Lee Health system, which includes Lee Memorial Hospital’s emergency department, urgent-care clinics and primary-care offices, had seven cases of algae problems in July out of almost 33,500 visits, according to its records of diagnostic codes for exposure to harmful algae or its toxins compiled at the request of the News-Press. Only one of those cases came to the emergency room; no cases in any department were reported in July 2017.
A few studies do link some toxins in blue-green algae, which really are a type of bacteria called cyanobacteria that live in water and grow in sunlight and warmth, to grave illness when the algae is eaten, according to a July 2011 report in Discover magazine.
“There’re good reasons to believe it can lead to neurodegenerative diseases like Alzheimer’s, Parkinson’s, and ALS,” amyotrophic lateral sclerosis and better known as Lou Gehrid’s disease, said Professor Larry Brand, who studies phytoplankton at the University of Miami. Phytoplankton are microscopic marine algae.
Brand wants to research what happens to people when the toxins become airborne. His obstacle: the money.
“That can be a more direct route to your brain (than eating it),” he said. “If you breathe these toxins in, they can go directly into your blood system through your lungs, or go directly up the olfactory nerve, directly into your brain.”
Follow Amy Bennett Williams on Twitter: @AmySWFL
Staying healthy during red tide, algae blooms
▪ Avoid areas with active red tides if you have chronic respiratory problems, such as asthma. If symptoms persist, seek medical attention.
▪ Close the windows and run the air conditioner if you live near affected waters. Make sure your air-conditioner filter is clean.

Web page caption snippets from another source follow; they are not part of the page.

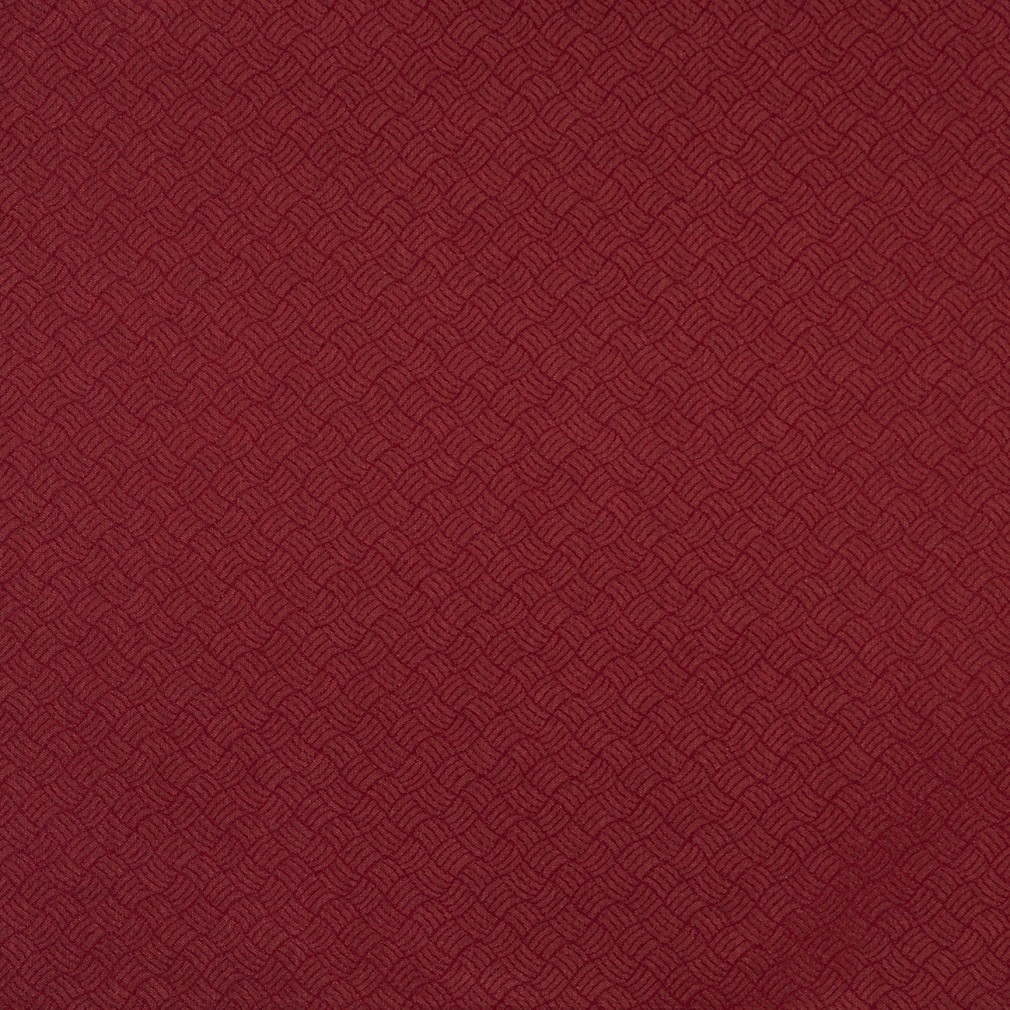 Burgundy Red, Geometric Crypton Contract Grade Upholstery Fabric By The ...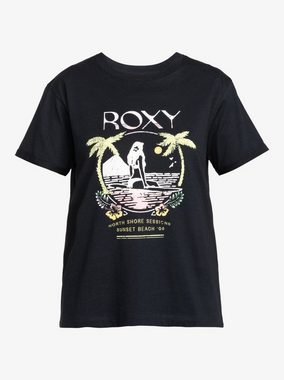 Roxy Print-Shirt Summer Fun - T-Shirt mit Loose Fit für Frauen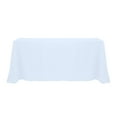 thumbnail image 1 of Ultimate Textile 108 x 132-Inch Rectangular Polyester Linen Tablecloth Ice Blue, 1 of 4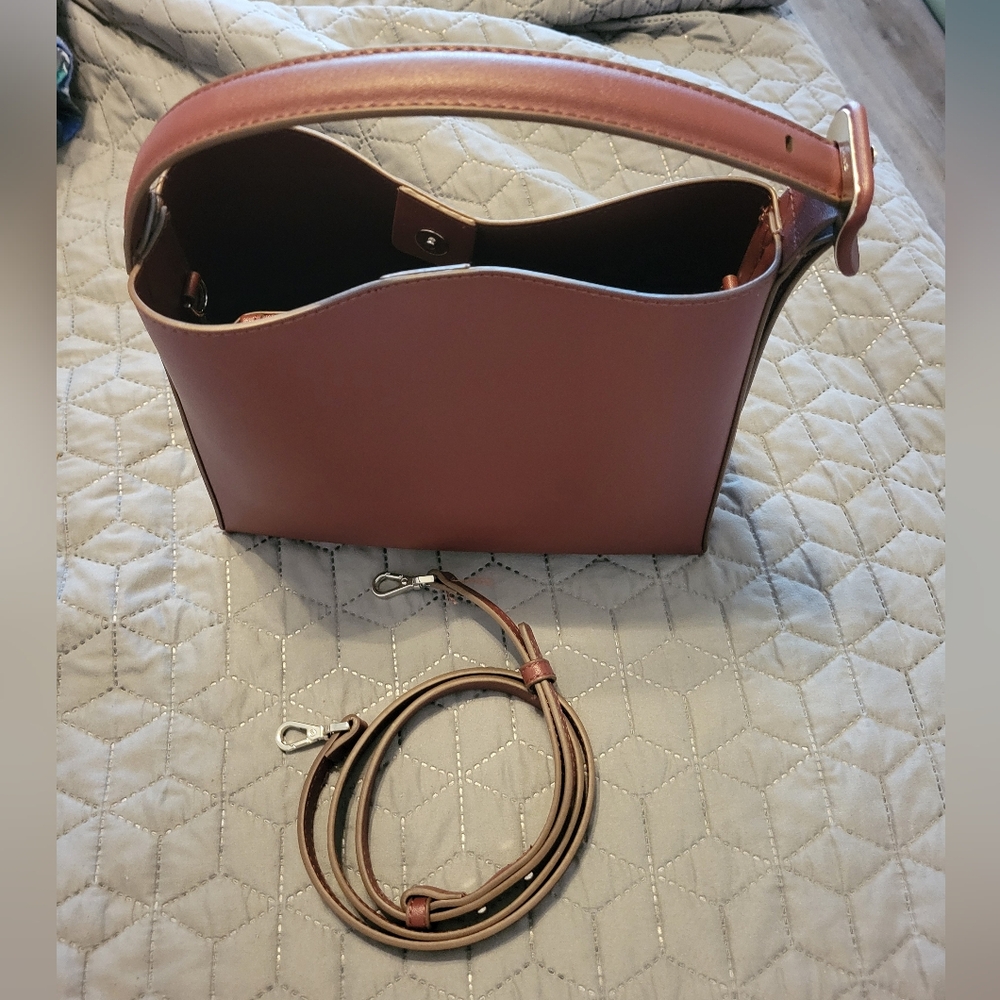 Mango Mini Shopper in Burgundy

▪ Don’t harvest or eat shellfish from areas with active red tide. But seafood, including shellfish, in restaurants, hotels, grocery stores, and markets is safe to eat. Cook oysters, clams and mussels thoroughly to prevent exposure to Vibrio vulnificus, a bacteria in seawater that .
Inland, minimize your exposure blue-green algae by not swimming or walking along the shores of waterways that have the algae. That includes children and pets.
It’s important not to swallow, inhale or have skin contact with water that has algae blooms. Boiling the water doesn’t remove the toxins.